Dear God. How did that happen?

How. Did. That. Happen?

If you're not me, or someone like me, my shock might be hard to understand. Let me try to explain.

In order to write for television, several things have to happen. First, you have to realize that writing for television is actually something that people do. I myself did not figure this out until 2001. (Yes, I am dumb.)

Second, you have to figure out that you, personally, want to write for television. This typically takes the form of compulsively writing spec scripts and entering them into contests. Some people win these contests and are instantly yanked into the industry through a training program or the like. (The biggest of these is the ABC/Disney Fellowship, which comes with generous year-long stipend and typically leads to an assignment on an actual show. It is hugely competitive, but it has launched a number of successful writers, including Jane Espenson.)

Most people, however, don't win anything with their spec scripts, except maybe credit card points at the copy shop. At this point, you have to figure out some way to not give up. This is harder than it sounds. Giving up is pretty easy. It doesn't cost anything, you can stay right where you are, and you never have to kill yourself meeting another deadline. Except for the part where it makes it impossible for you to ever write for television, giving up is awesome.

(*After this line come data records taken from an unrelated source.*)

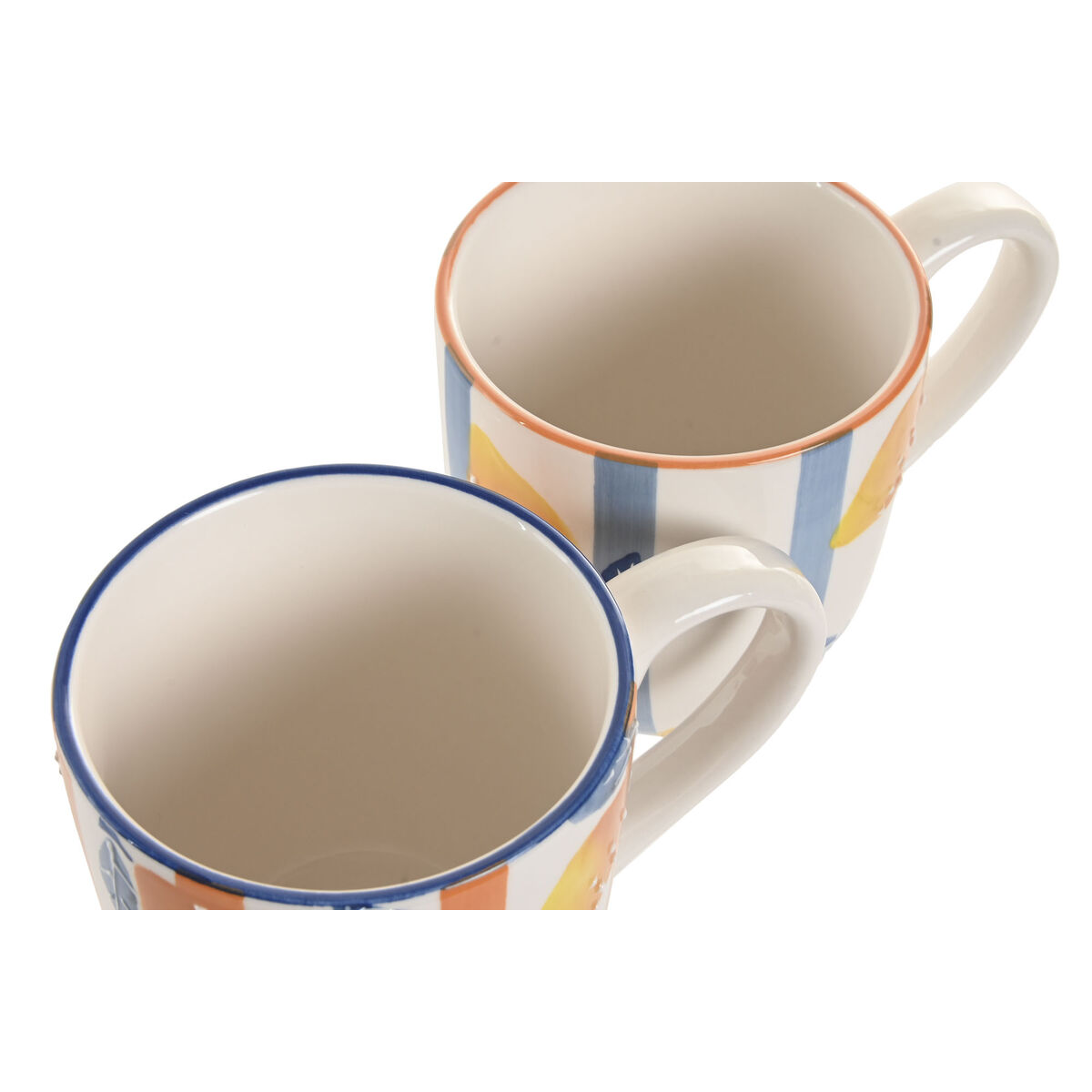 Mug Home ESPRIT Yellow Blue White Orange Lemon Mediterranean With relief 360 ml (4 Units)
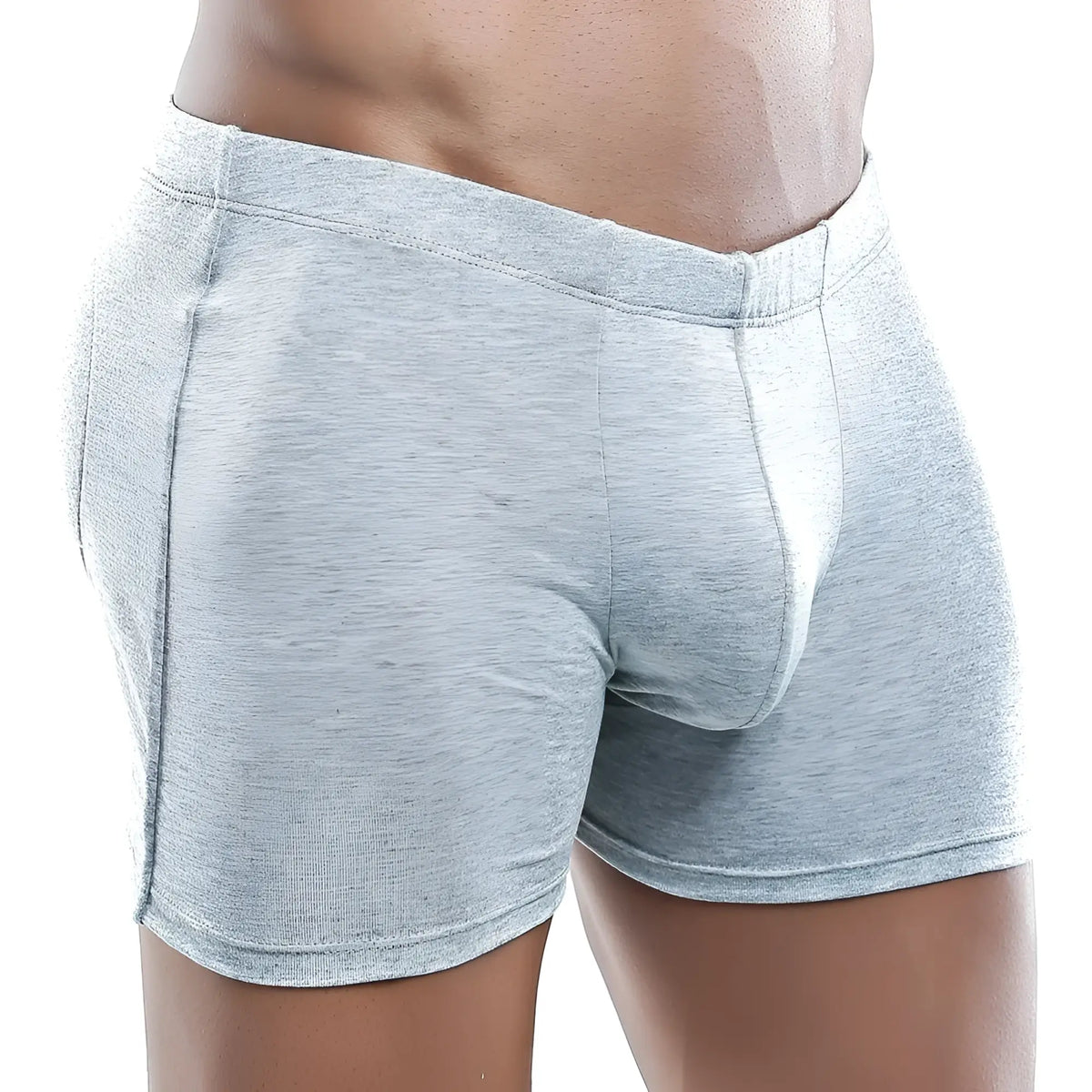 Virile VLG001 boxer trunk in gray heathered cotton with contoured design and elastic waistband for comfort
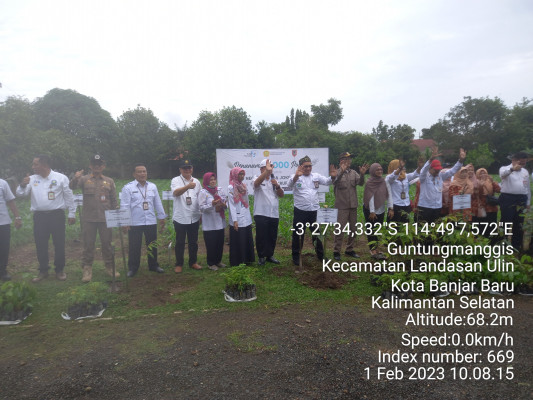 Penanaman 100 Pohon serentak Dalam rangka Pengendalian inflasi daerah Provinsi Kalimantan Selatan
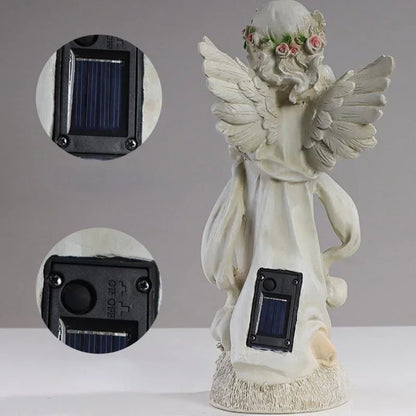 Waterproof Solar Flower Fairy Night Light – Angel Girl Statue for Outdoor Garden & Courtyard, Home Decoration Sculpture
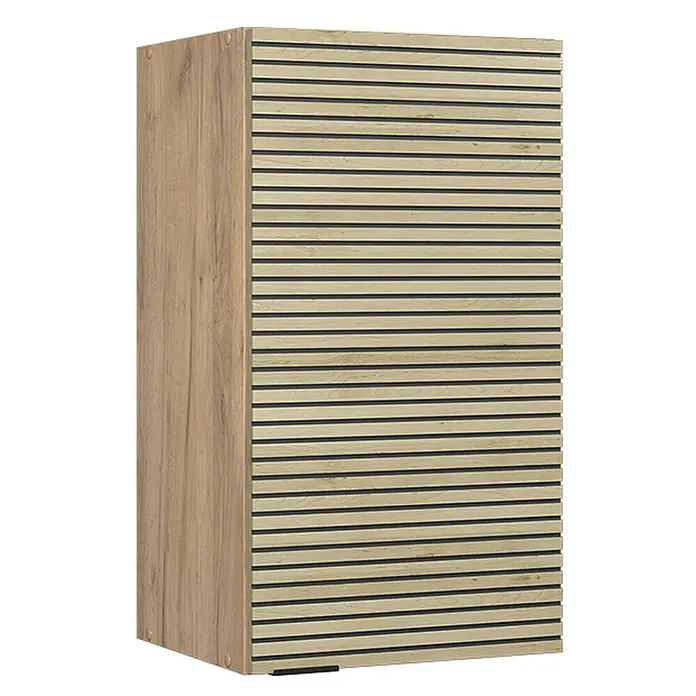 Vicco Schrankküche Fame-Line Eiche Paneel - Eiche Paneel, Hängeschrank 40 cm - Vertikaler Schrank in heller Eichenoptik mit einer strukturierten, horizontal gerillten beigefarbenen Front.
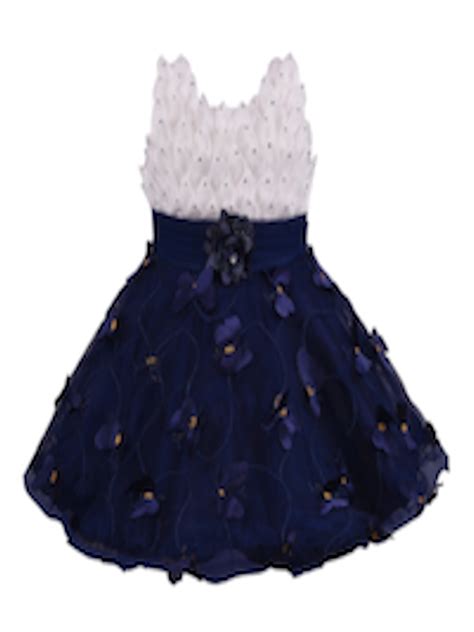 Buy Wish Karo Girls Navy Blue And White Embellished Fit And Flare Dress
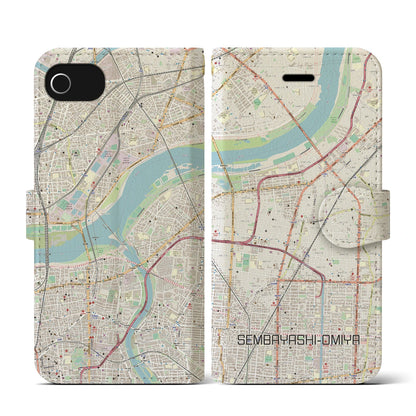 【千林大宮（大阪府）】地図柄iPhoneケース（手帳タイプ）ナチュラル・iPhone SE（第3 / 第2世代） / 8 / 7 / 6s / 6 用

Not giving up sucks. It's expensive, time consuming and feels dangerously like wasting your life. It usually involves moving to Los Angeles (or New York, if you fancy yourself a comedy writer.) Worse, it usually means doing something which is not writing for television, in hopes that it somehow leads to writing for television. I managed to combine these two things by moving to Los Angeles to attend USC, but that's not an option for everyone.

Step three, not giving up, is terrible, but it's a walk in the park compared to the fourth thing that has to happen in order to write for television:

The Waiting.

Nobody is going to pluck you off the street and install you on a writing staff. You can work on your stuff and keep submitting your scripts and meet with your writing group, but mainly, you have to Wait. And it's not like Bay Cities Deli, where you take a number and you get called when your turn comes. You could Wait a week, you could Wait a year. There's no way to know.

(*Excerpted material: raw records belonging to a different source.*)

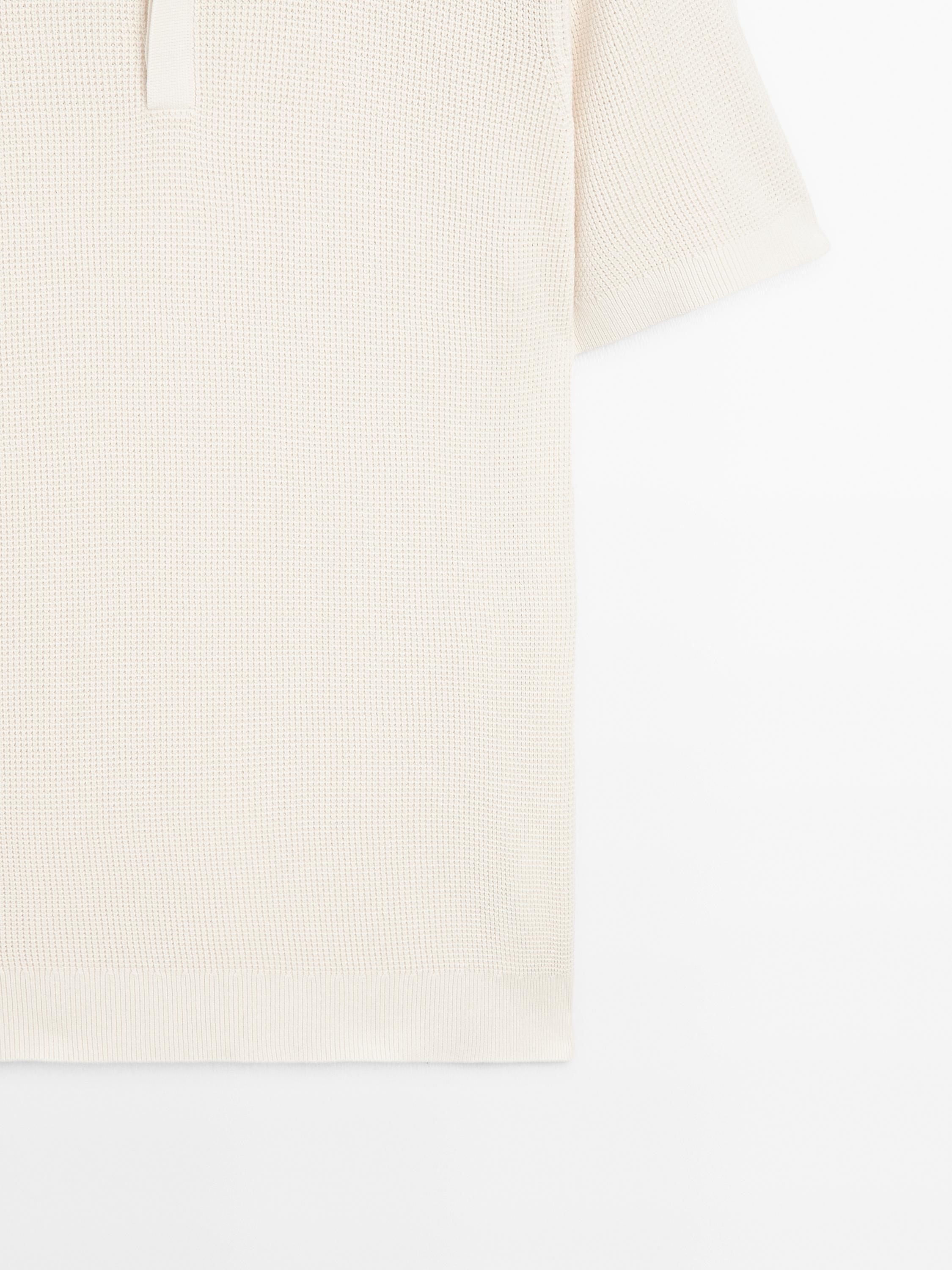 Polo en maille texturée de coton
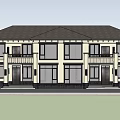 Modern Semi-detached Villa Exterior Design With Large Glass Windows Front Doors And Balconies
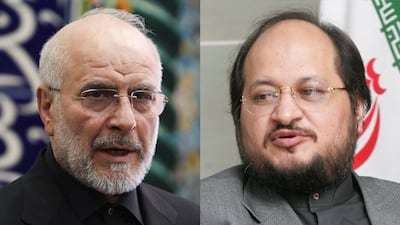 Parliament Speaker Mohammad Bagher Ghalibaf and Hossein Shariatmadari, the editor-in-chief of the Kayhan newspaper. Reuters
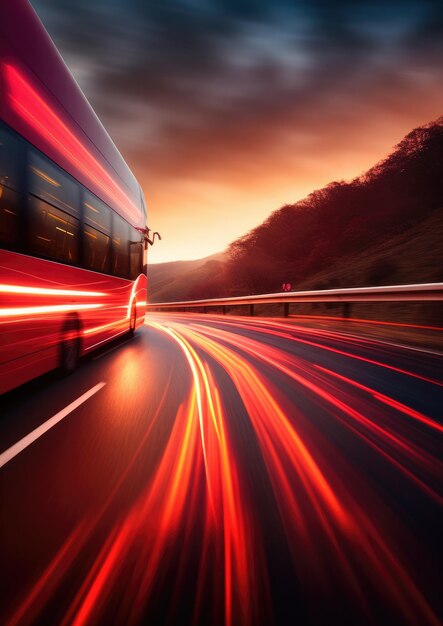 Moderne bus vervoert passagiers's nachts op vakantie Generative Ai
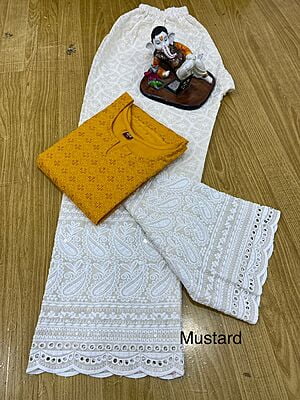 Chikan Kurti Cutwork Palazzo-Mustard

Every day, you're working as a waiter or an office temp or a barista. In your spare time, you're writing. But mainly, you're Waiting. And the Waiting can kill you. It makes you move back home with your parents. It makes you take a well-paid day job which leaves no time for writing. It makes you consider business school.

And that is why my new job shocks me. Because working as a writers' assistant is the easiest Waiting there is. All day, you work with writers. You listen to them talk and write down their ideas. And you get paid to do it -- as if you wouldn't do it for free, or possibly, even pay them.

(It really is like paying a drug addict to attend an all-you-can-shoot heroin banquet.)

It feels to me like a bolt of good fortune that rocketed out of the heavens and into my front lawn without warning.

From the outside, I gather it looks a little bit less like random good fortune. I've heard more than one person observe that my willingness to work for free is shockingly rare among my peers. And, among people who will work for free, I'm told it is hard to find individuals who can do the same task over and over without additional instructions -- what one former consultant-turned-assistant called "retention of processes."

In any event, I continue to think that I owe this job to the generosity of my boss and the folks who recommended me, with just the lightest sprinkling of luck. And I am hugely, inexpressibly grateful for this chance to prove myself. I don't care what happens next, or if these leads to something else. I'm doing what I love, and that's all that matters.